# Edifier S730D oder Teufel Concept C 200USB + X-Fi



## Autokiller677 (23. Oktober 2009)

Hallo Hifi Welt, 

so ich will auch mal mein 20€ Hama 2.1 System loswerden.

Nach einigem gesuche habe ich 2 Soundsysteme gefunden, die gut in mein Budget von knapp 250€ passen.

Einmal das Edifier S730D Edifier S730D Gaming 2.1 System (SPK-EF-S730D) Preisvergleich bei Geizhals.at Deutschland
Für den Fall, dass es dieses wird, kann mir da jemand ein gutes Tosslink Kabel zu empfehlen?
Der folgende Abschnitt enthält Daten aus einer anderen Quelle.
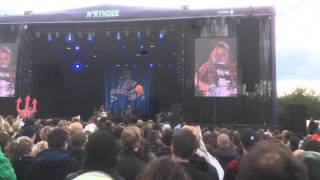 Seasick Steve – Roy's Gang - Live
Zum Zweiten das Teufel Concept C 200USB für 150€ + einer Creative Sound Blaster X-Fi Titanium retail, PCIe x1 (70SB088000000) Preisvergleich bei Geizhals.at Deutschland (Wie siehts da mit den Treibern für Vista/ Seven aus?)
oder mit einer ASUS Xonar D2/PM, PCI (90-YAA021-1UAN00+) Preisvergleich bei Geizhals.at Deutschland

Oder gibt es noch andere gleichteure Alternativen?
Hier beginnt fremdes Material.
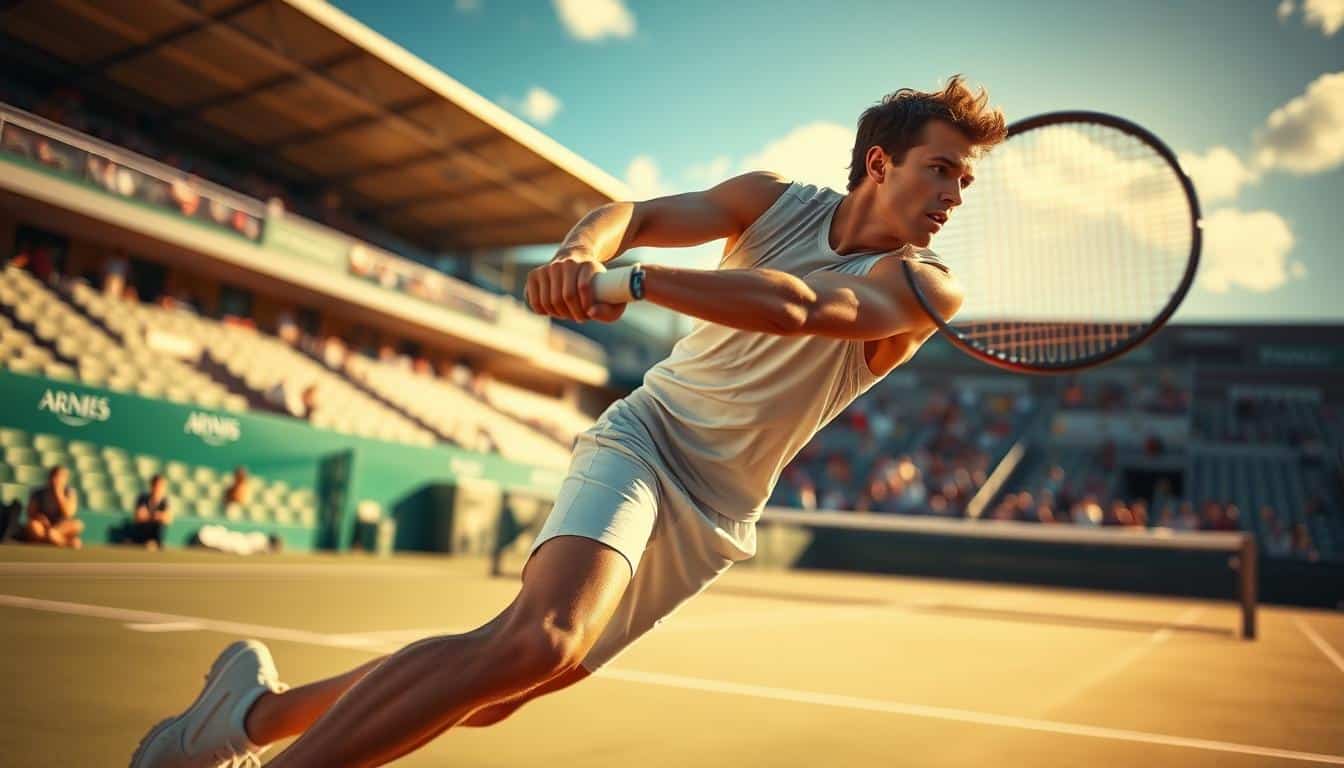 Tennis Kleidung und Ausrüstung: Effizienz oder Trend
Frage: Womit bekomm ich den besseren Klang? Das Teufel würde ich dann an die Xonar / X-fi anschließen (tendiere eher zur Xonar), das Edifier würde über den SPDIF Ausgang meines Boards laufen (Asus Crosshair II Formula)
Da demnächst auch eine DSLR hersoll, ist es unwahrscheinlich, dass zum Edifier in nächster Zeit noch eine gute SoKa hinzukommen würde. Daher würde ich die Lösung, mit der ich jetzt den besseren Klang bekomme vorziehen.

Danke im Vorraus
MfG
Autokiller677


----------



## Herbboy (23. Oktober 2009)

das teufel C200 *USB * PLUS soundkarte wäre schwachsinn, weil das boxenset ne eigene soundkarte mit drinhat , deswegen hat es ja auch USB    vlt. kannst du das auch normal anschließen, das weißt ich nicht, aber dann zahlst du die USB-sondkarte ja mit... 
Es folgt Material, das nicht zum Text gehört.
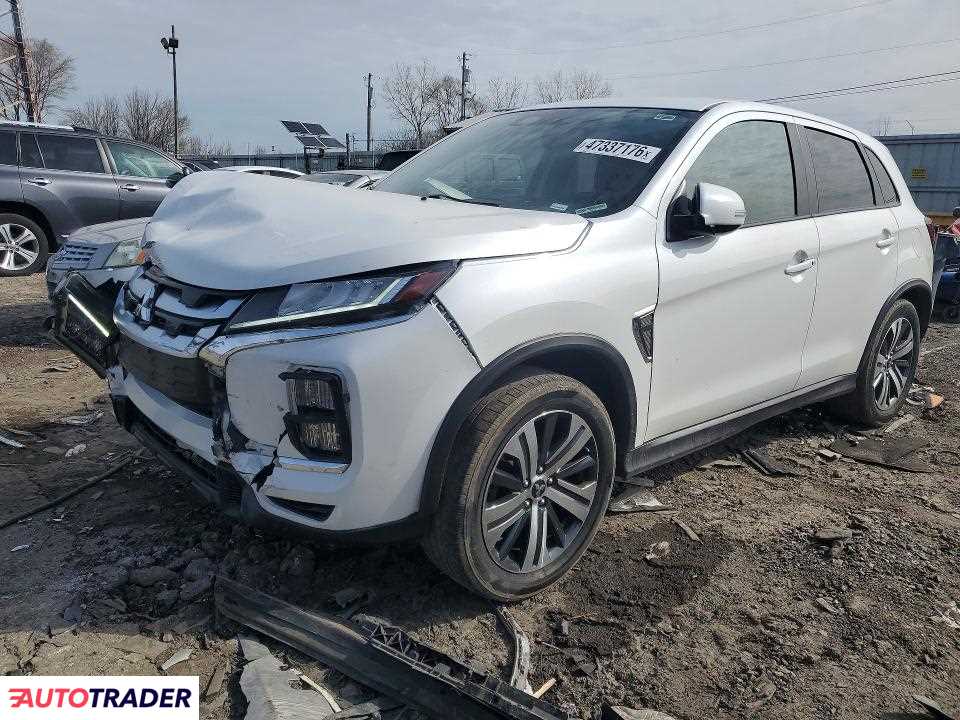 Mitsubishi Outlander 2020 2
auch noch ne alternative, sofern du keine platzprobleme auf deinem tisch hast und nicht unbedingt einen "wummernden" lauten sub brauchst: ein gutes 2.0 set.


----------



## Autokiller677 (23. Oktober 2009)

Doch einen "wummernden" Sub brauch ich
Ohne ordentlichen Bass kauf ich nichts.
Von der Soundkarte im C200 hab ich gelesen, dass sie zwar gut ist, aber eine X-fi o.ä. soll immer noch besser sein^^
Obwohl ich das System ja erst mal ohne Soka ausprobieren kann und bei Bedarf noch nachkaufen kann.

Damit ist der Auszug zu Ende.